Wszystkim mrowiło się w oczach.

Ta walka z orkami była wyjątkowo ciężka i szybka.

Główny bohater Ridge nie miał szans jej oglądać, bo gdzieś zniknął, chyba w czeluściach pieczar i skał, i z takim onym łysym, małym i wielkookim samotnie walczył. Musiał go pokonać na inteligencję, której chyba miał w nadmiarze, bo go pokonał.

Wszyscy wpadali na siebie, robiła się kotłowanina ciał, która nie miała końca. Zwieszane mosty, powszechne w mieście orków, spadały w przepaście wraz z bohaterami i wydawało się, że zaraz zginą, ale jakoś żyli. Żyli, mieli się dobrze i walczyli z coraz większą ekspresją i eksterioryzacją w oczach. Nie widać było, żeby pokonywali orków, ale mieli nadzieję, że cud się zdarzy, chociaż żadnych myśli, w ich twarzach, nie można było zobaczyć. Zupełnie, jak u wodza Łapaczów, „Inne tu”, co zawsze wyglądał jak maska i nie miał emocji.

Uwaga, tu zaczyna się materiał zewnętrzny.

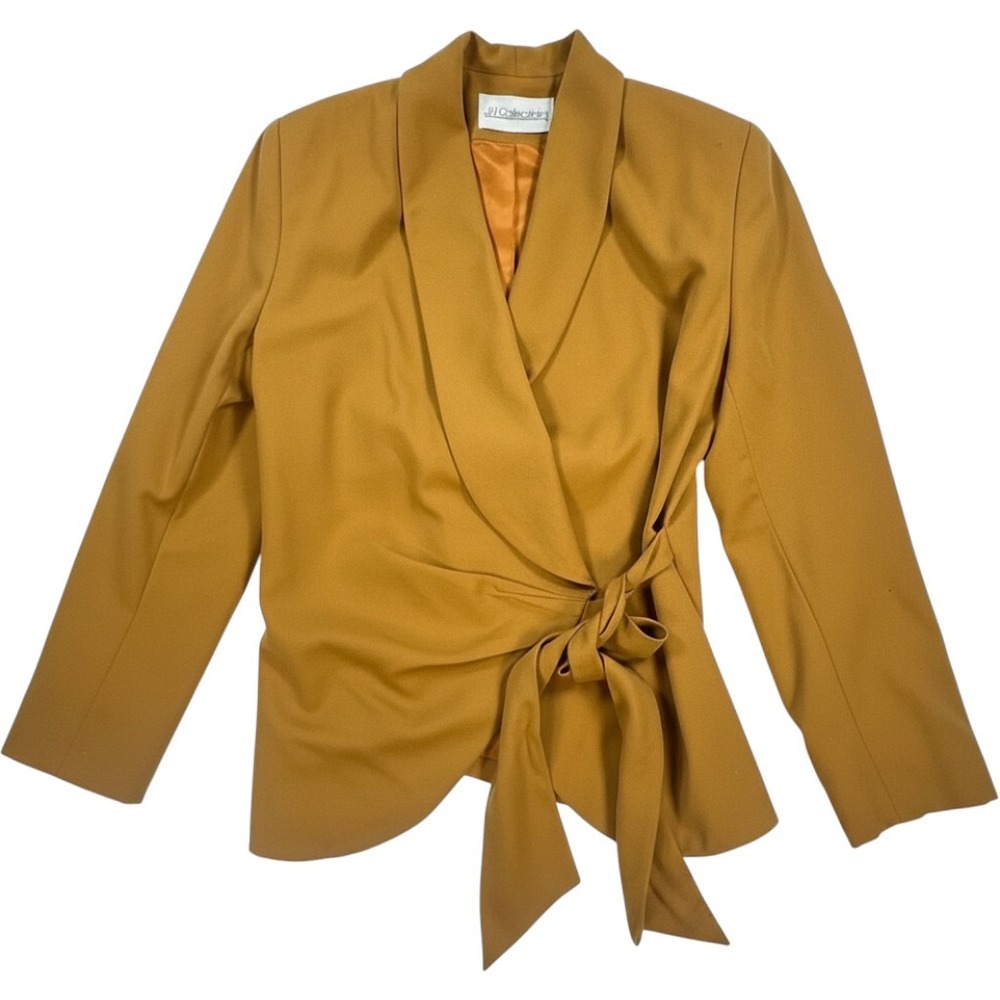 Vintage JH Collectibles 100% Wool Wrap Blazer Mustard Tan Side Tie Jacket Size 8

A ich czarodziej, co właśnie przybył, działał swoją laską cuda, machał nią wszem i wobec, i tryskał gejzerami czegoś, co było krystaliczne i mętne jednocześnie. I świeciło. I szkodziło, bo król orków się zachwiał od naporu czarownej cieczy i coś mu się stało. Miał za dużo wrażeń. Stracił świadomość w wirze walki i został pokonany.

A potem uciekali, korzystając z okazji, która się tym sposobem wydarzyła. Biegli oczywiście do wyjścia, bo innej drogi nie było.

Ridge w tym czasie wygrał z onym łysym, małym i wielkookim, i zniknął, bo złotą pętlę znalazł, i małżeństwo z nicością zawarł. A potem ich zobaczył, jak uciekali i pobiegł za nimi. Ale dotarł później, gdy myśleli, że uciekł, świadectwo własnemu tchórzostwu wystawiając niegodne.

I w myślach, niewypowiedzianych, wspomniał minioną ucztę u elfów, gdzie z przyjaciółmi sałatę na grillu piekli.

Nie była zachwycająca, ale zawsze lepsza, niż świeża.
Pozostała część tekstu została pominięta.